C96C48mx500_S2SW_cyc_gfs atmos_prod_f102_WRITE_ERROR - TerrenceMcGuinness-NOAA/global-workflow GitHub Wiki

C96C48mx500_S2SW_cyc_gfs - JGLOBAL_ATMOS_PRODUCTS f102 Write Error Analysis

Test Case: C96C48mx500_S2SW_cyc_gfs
Job: JGLOBAL_ATMOS_PRODUCTS (forecast hour f102)
Platform: Hera (RDHPCS)
Node: h9c53
Slurm Job ID: 21785517
Build: nightly_0_4a26a69c_8508
Failure Time: Tue Feb 10 06:43:36 UTC 2026
Analysis Date: February 10, 2026
Status: FATAL ERROR - wgrib2 write failure
Analyzed By: EIB MCP-RAG Toolset (42-tool analysis)


Executive Summary

The JGLOBAL_ATMOS_PRODUCTS job for forecast hour f102 in the C96C48mx500_S2SW_cyc_gfs nightly CI test failed with a *** FATAL ERROR: write error *** emitted by wgrib2 during GRIB2 record extraction from the master file. The failure occurred at approximately pressure level 15 mb (record 161 of ~1300+) while filtering the master GRIB2 file through paramlist "a". A secondary concern is a wgrib2 spack-stack version mismatch between the loaded modules (spack-stack-1.9.2) and the wgrib2 binary actually invoked (spack-stack-1.6.0). Additionally, the setpdy.sh utility failed to find the COMROOT date file, though this was handled as non-fatal.

Root Cause Assessment: Filesystem write failure on /scratch3 — most likely caused by disk quota exhaustion, filesystem capacity limits, or a transient I/O error on the compute node. The wgrib2 version mismatch is a contributing risk factor.


Failure Chain

JGLOBAL_ATMOS_PRODUCTS
  └── jjob_header.sh
        ├── setpdy.sh → WARN: COMROOT/date/t00z not found (non-fatal)
        ├── source config.base → OK
        ├── source config.atmos_products → OK
        └── source HERA.env → OK (USE_CFP=YES)
  └── exglobal_atmos_products.sh
        ├── ${WGRIB2} -s MASTER_FILE > idx → OK
        ├── nset=1 (paramlist "a")
        │     └── ${WGRIB2} MASTER_FILE | grep -F -f paramlist.a | ${WGRIB2} -i -grib tmpfilea_f102 MASTER_FILE
        │           ├── Records 1-160: OK (reached 15 mb level)
        │           ├── Record 161 (UGRD:15 mb): *** FATAL ERROR: write error ***
        │           └── err=8
        └── err_exit "FATAL ERROR: wgrib2 failed to create intermediate grib2 file..."
              └── ABNORMAL EXIT → Job CANCELLED (SIGNAL Terminated)

Detailed Analysis

1. Primary Failure: wgrib2 Write Error

What happened:
The exglobal_atmos_products.sh script (line 64) constructs a pipeline that:

  1. Lists all records in the master GRIB2 file with ${WGRIB2} "${MASTER_FILE}"
  2. Filters records matching patterns in gfs.fFFF.paramlist.a.txt with grep -F -f
  3. Extracts matched records with ${WGRIB2} -i -grib "${tmpfile}" "${MASTER_FILE}"
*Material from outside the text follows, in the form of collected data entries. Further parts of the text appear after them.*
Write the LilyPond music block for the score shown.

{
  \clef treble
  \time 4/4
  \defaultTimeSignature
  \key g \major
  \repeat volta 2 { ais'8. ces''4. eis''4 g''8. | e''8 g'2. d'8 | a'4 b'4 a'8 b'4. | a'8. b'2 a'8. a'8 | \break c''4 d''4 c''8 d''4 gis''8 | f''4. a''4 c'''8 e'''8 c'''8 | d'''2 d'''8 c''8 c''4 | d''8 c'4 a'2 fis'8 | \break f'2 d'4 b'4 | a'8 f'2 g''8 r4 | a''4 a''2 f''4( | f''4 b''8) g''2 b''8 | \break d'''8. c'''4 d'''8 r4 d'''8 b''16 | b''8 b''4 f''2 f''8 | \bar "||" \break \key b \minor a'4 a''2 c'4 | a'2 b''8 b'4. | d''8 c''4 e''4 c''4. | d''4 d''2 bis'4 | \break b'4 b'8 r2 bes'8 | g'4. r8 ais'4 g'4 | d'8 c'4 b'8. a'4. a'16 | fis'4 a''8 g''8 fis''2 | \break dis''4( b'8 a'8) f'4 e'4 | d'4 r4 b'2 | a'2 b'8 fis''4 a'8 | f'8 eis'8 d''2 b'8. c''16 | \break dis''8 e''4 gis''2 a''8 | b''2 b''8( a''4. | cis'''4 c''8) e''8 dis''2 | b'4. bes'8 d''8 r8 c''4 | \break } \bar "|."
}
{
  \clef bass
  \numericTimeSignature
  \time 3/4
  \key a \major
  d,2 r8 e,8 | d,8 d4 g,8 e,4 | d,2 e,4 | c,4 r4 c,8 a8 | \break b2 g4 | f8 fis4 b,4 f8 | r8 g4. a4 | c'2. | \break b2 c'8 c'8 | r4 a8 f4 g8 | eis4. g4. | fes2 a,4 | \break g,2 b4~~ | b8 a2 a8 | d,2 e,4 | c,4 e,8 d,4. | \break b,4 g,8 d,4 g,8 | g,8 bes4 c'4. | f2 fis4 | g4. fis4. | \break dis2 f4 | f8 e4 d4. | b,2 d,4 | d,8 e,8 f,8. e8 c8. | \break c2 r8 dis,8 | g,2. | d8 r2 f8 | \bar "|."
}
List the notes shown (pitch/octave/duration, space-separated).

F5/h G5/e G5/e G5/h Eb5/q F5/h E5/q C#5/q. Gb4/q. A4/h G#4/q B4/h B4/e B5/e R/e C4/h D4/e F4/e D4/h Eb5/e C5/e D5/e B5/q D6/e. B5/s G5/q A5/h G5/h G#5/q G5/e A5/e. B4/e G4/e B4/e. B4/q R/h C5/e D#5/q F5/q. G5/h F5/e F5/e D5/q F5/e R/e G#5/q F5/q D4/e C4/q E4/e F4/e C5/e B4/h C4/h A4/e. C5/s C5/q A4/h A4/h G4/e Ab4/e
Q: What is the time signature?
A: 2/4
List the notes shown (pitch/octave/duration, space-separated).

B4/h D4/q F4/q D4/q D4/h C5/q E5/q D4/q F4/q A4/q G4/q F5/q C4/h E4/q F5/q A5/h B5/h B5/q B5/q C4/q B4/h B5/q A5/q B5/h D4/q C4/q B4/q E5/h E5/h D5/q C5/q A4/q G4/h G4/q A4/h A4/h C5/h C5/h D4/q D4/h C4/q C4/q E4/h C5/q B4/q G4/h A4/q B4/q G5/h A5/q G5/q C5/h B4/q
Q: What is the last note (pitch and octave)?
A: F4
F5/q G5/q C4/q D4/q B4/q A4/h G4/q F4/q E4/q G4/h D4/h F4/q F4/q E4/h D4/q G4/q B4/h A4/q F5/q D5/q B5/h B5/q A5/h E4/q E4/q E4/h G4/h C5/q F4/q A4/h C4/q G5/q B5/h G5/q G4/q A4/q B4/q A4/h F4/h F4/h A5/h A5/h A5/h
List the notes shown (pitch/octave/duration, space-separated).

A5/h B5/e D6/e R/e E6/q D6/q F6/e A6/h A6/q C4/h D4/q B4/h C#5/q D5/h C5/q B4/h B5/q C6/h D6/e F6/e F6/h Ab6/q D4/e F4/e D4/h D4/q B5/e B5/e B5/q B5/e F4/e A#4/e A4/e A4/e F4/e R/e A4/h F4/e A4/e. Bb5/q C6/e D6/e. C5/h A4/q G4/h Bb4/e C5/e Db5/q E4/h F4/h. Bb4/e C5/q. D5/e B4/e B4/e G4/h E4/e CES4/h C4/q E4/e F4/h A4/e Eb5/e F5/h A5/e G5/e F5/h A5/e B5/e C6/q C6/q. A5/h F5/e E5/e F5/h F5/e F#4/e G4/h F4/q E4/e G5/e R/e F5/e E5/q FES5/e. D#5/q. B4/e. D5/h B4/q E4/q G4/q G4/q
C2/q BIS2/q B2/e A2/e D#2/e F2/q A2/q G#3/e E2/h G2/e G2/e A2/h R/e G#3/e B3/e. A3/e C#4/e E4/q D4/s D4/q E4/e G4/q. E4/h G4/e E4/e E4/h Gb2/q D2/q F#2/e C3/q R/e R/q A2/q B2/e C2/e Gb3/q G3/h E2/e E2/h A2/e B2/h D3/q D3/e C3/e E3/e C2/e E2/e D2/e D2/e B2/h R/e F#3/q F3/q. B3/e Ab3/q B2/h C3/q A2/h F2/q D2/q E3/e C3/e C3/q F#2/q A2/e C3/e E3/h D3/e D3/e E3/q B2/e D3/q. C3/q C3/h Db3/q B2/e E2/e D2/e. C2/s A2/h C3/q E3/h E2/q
At record 161 (UGRD at 15 mb, 102-hour forecast), the output wgrib2 received a write error when writing to tmpfilea_f102. The output file reached only 5,521,408 bytes (~5.3 MB) before the failure, as shown in the directory listing at exit.

Error output (line 1086 of log):

*** FATAL ERROR: write error ***

Exit code: err=8 (wgrib2 non-zero return code)

Master file:

.../COMROOT/C96C48mx500_S2SW_cyc_gfs_4a26a69c-8508/gfs.20211221/00/model/atmos/master/gfs.t00z.master.f102.grib2

Paramlist file:

.../global-workflow/parm/product/gfs.fFFF.paramlist.a.txt

2. Secondary Issue: setpdy.sh File Not Found

What happened (log lines 110, 113):

sed: can't read .../RUNTESTS/COMROOT/date/t00z: No such file or directory
.../jjob_header.sh: line 96: ./PDY: No such file or directory

The setpdy.sh utility expects a date reference file at ${COMROOT}/date/t00z, which was missing. The jjob_header.sh script uses || true to swallow these errors (lines 95-96), so the job continued. The PDY variable was already set from the environment (PDY=20211221), so this did not contribute to the failure — but it indicates the CI COMROOT directory structure may be incomplete for this test case.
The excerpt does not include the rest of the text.